一言も声をかけられなかったということは韋提希の苦しみがより本質的なところへ向いた。
この苦しみの花が咲くのはどうしてなのか。
枝を通って花が咲く。
枝は幹から来る。
根っこから来る。
苦しみの養分は根っこから吸い上げられている。
これを苦悩の根元というんです。
根っこである元、お釈迦さまはこの時韋提希の苦悩の根元から断ち切ろうとされている。
だからひとつひとつの苦しみにあえて頷かれなかったんです。
それは一時期苦しみの解決にはなるが、ここから助ける。
それには頷いてはいかんと判断されてじっと無言でおられた。
だから韋提希は圧がかかって苦しみがどんどん深くなった。
その苦しみの根っこを断つのが弥陀の誓願ですから。
ここを断たないとここにならないのですから。
韋提希のいうことにそうだねそうだねと頷いたら、このたった一つの苦しみを抜くことしかできない。

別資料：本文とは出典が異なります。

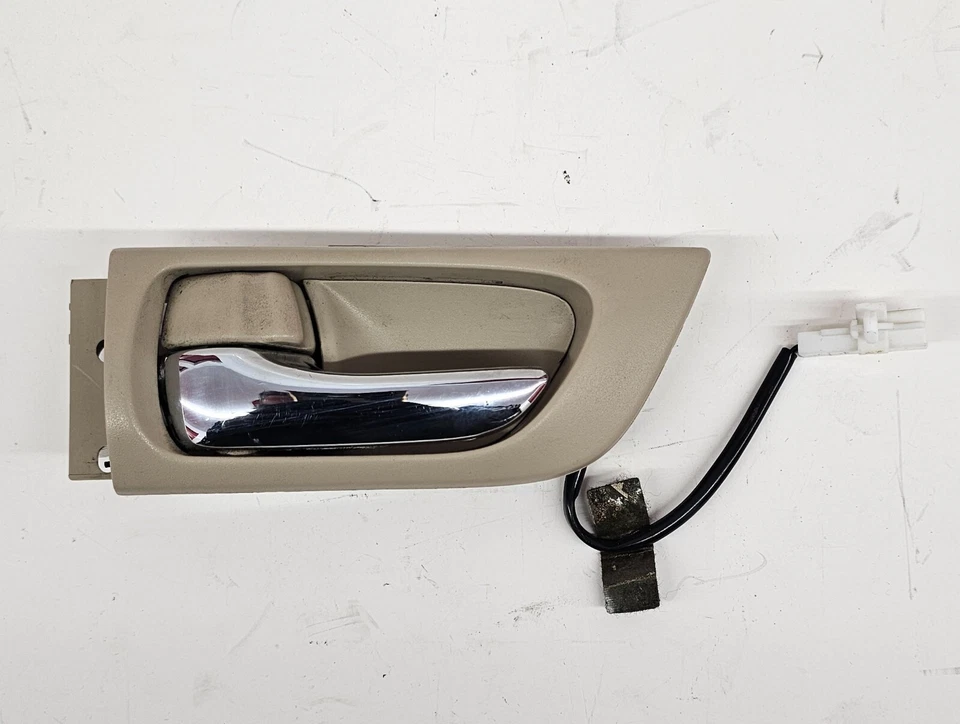 2007 LEXUS GX470 REAR DOOR INTERIOR HANDLE W/ CAP COVER TRIM LEFT SIDE- TAN OEM Foto 2 de 4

韋提希の苦しみがますます深くなって精も根も尽き果てて本当の幸せになりたいという思いがおきたんですね。
弥陀の浄土に生まれたい、というのはそういうことです。
それが釈尊の出世の本懐、目的だったのだから、そこで釈尊は韋提希お前はよくぞいってくれたと会心の笑みを洩らされるんです。
これを説きたいのがお釈迦さまの出世本懐。
だからこういう幸せになりたいという気持ちを韋提希に起こさせなければならない。
そのとおりドンピシャの言葉を言ったから、会心の笑みを洩らされた。
その為の無言の説法だから。
一時期の幸せを与えるためではない。
そしてようやく精も根も尽き果てた韋提希夫人に対して始めて釈尊が口を開かれる。
そして説かれたのが『観無量寿経』の説法
観無量寿経の内容については、こちらに出ています。
この苦悩の根元は、観念の遊戯では断ち切れない。
実は私たちは骨の髄からうぬぼれている。
とことんうぬぼれている。
うぬぼれていると言うことは自分に惚れているということ。
うぬに惚れている。
惚れて眺めりゃあばたもえくぼ。
お前なんであんなこがいいんだ、あばたばかりだ、いやあれはえくぼだ。
惚れて眺めりゃそうみえる。
まして況や私たちは自分に惚れている。
だからよく仏法の勉強、自分で勉強するという人があるが、とんでもない。
間違った方向へ進む。
うぬぼれたまま進んで正しく進めるわけがない。
釈尊、善知識はそういう私たちに何を勧められるか。
善を勧められる。
なぜなら苦悩の根元は観念では断ち切れないからです。
実践して学ぶ。
行学といいます。
じゃあやってみると何が知らされるか、
一生懸命まじめにしようとすると何が知らされるか。
善のできない自分が知らされる。
当然苦しみます。
その苦しみは産みの苦しみといって無駄な苦しみではない。
本当の幸せに生まれるためにどうしても避けて通れない苦しみなんで
す。
お釈迦さまが私たちに善いことを薦められるのは善いことができるからやりなさいではなくて、やってみなさい何が知らされますか。
まことの善ができますか。
できないでしょう。
やろうとすればするほどできずに苦しむんです。
それを見て喜ばれた。
弥陀の誓願はそんな苦悩の人が正客だからです。
一生懸命真面目に善をやろうとして苦しんでいる人がお目当て。
正客というのは一番のお客さん。
今日の一番の正客はこの人となれば、その人の好物を食卓に並べる。
苦悩の人が正客。
だから弥陀の誓願を除苦悩法という。
その苦悩を除く法なんですね。
ガンを治す特効薬ができましたよといって喜ぶのはガンで苦しんでいる人。
「ほんとですか、是非とも飲ませて下さい」という気持ちになる。
ところが、そんなのいらないよという人はオレはガンじゃないと思っている人。
オレは健康だ、飲まなくてもいいと思っている間は特効薬の有り難さが分からない。
ところが自分がガンだ、これを治さなければならないと悶えている人にはそれ程の朗報はないんですね。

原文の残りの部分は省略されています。